Paris accord one-sided, economically unfair: US President Donald Trump

Published: 13 November, 2019 10:23 IST | ANI |

Notably, German Chancellor Angela Merkel during her visit to India earlier this month lauded New Delhi for its work in the field of renewable energy.

US President Donald Trump (Pic: File/AFP)
US President Donald Trump (Pic: File/AFP)

Washington DC: Justifying United States' withdrawal from the Paris Climate Accord, President Donald Trump on Tuesday said the agreement would have required Washington to support the efforts of developing countries like India and China towards fighting climate change.

Speaking at the Economic Club of New York, Trump deemed the Paris accord "one-sided" and "economically unfair".

"And it (the agreement) is so unfair. It doesn't kick in for China until 2030. Russia goes back into the 1990s, where the base year was the dirtiest year ever in the world. India, we are supposed to pay them money because they are a developing nation. I said, "We're a developing nation, too," Trump said, to laughter from the audience.

"Some of the other countries like China, like India, like Russia, like many other countries that absolutely are doing absolutely nothing to clean up their smokestacks and clean up all of their plants and all of the garbage that they're dropping in the sea and that floats into Los Angeles," he added.

Trump in June too had passed the buck to India and China for not doing enough on climate change.

Notably, German Chancellor Angela Merkel during her visit to India earlier this month lauded New Delhi for its work in the field of renewable energy.

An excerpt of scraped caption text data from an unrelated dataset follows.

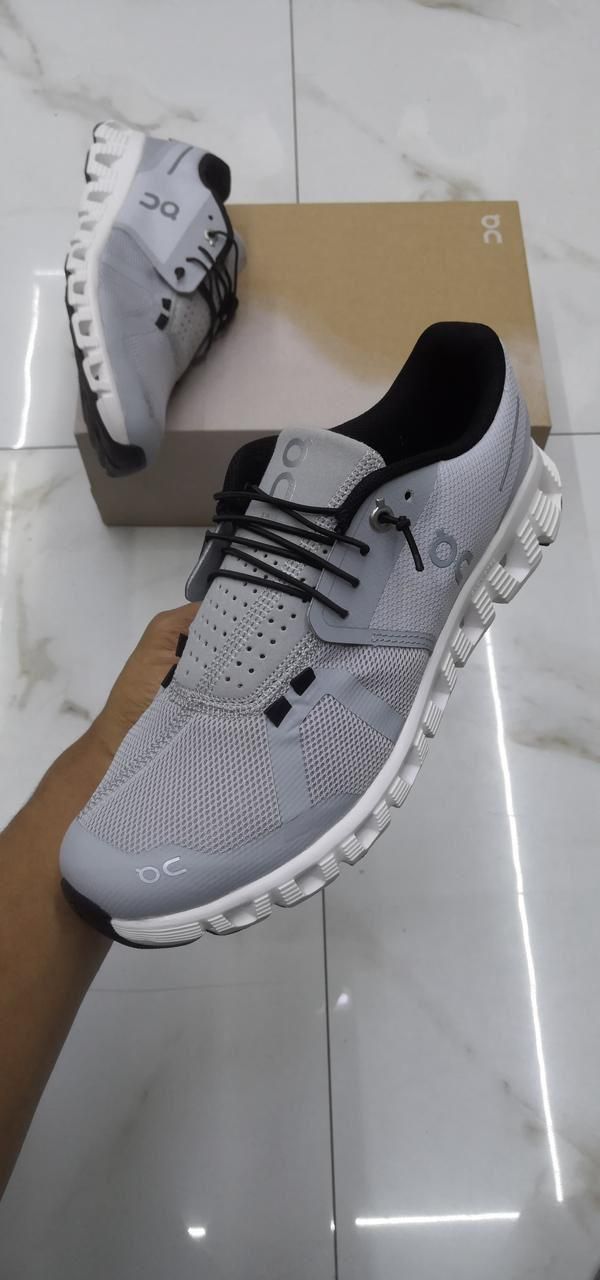 ON CLOUD - gray_0
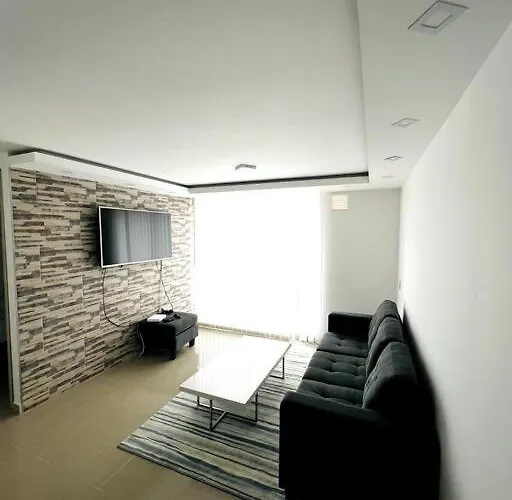 Club House, Apto Para Estrenar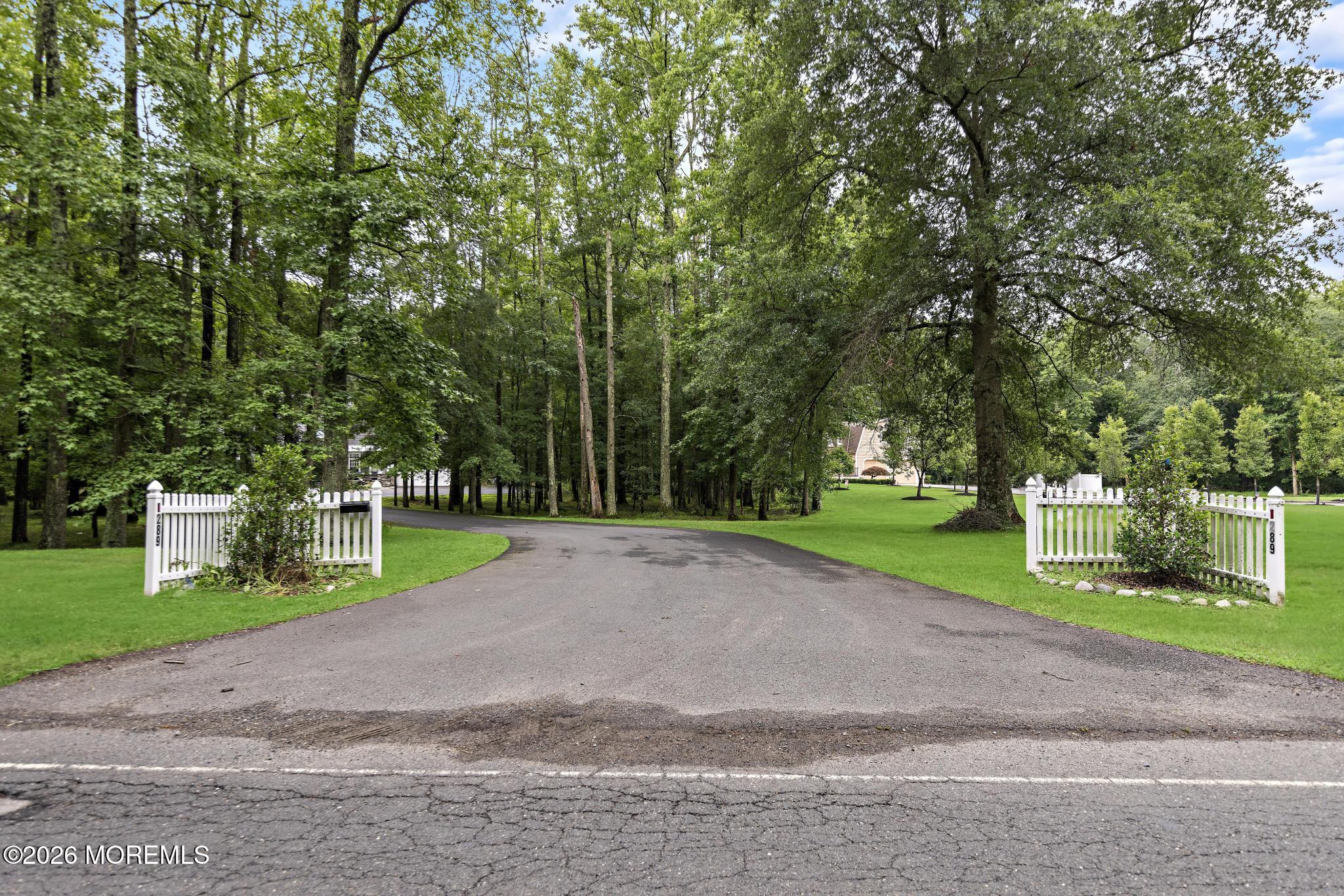 289 Cranberry Road Farmingdale, NJ 07727 - Photo 3 of 46 289 Cranberry Road (27)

"We intend to work very closely on sustainable development and climate protection. There are many areas both in environmental like waste management pure water and climate issues. India has rather low CO2 footprints. The future industrial development, of course, needs to be as sustainable as possible. 74 GW of renewable energy is here in India and that something that you have reiterated and moved forward. I can congratulate you on that part," Merkel had said.

In September, Union Minister for Environment and climate change Prakash javadekar addressing the 14th Conference of Parties (COP14) to United Nations Convention to Combat Desertification (UNCCD) in India had underlined that the nation has already achieved half of its renewable energy production target.

The Indian government plans to achieve 175GW of renewable energy capacity by 2022 as part of its climate commitments. India currently has an installed renewable energy capacity of around 80 gigawatts.

The Paris Climate Accord was adopted on December 12, 2015, by 196 parties around the world. It seeks to curb global warming to a maximum of two degrees by 2100 by instigating pledges to cut carbon dioxide and other emissions created through the burning of fossil fuels.

Under the Paris Agreement, each country determines plans and regularly reports its own contribution it should make in order to mitigate global warming. There is no mechanism to force a country to set a specific target by a specific date, but each target should go beyond previously set targets.

US President Donald Trump and his advisors have described the historic 2015 climate change mitigation agreement - a cornerstone of the foreign policy legacy of former US President Barack Obama - as weak, particularly with regard to providing incentives to polluters in India and China to lower emissions, while concurrently being too hard on US industry.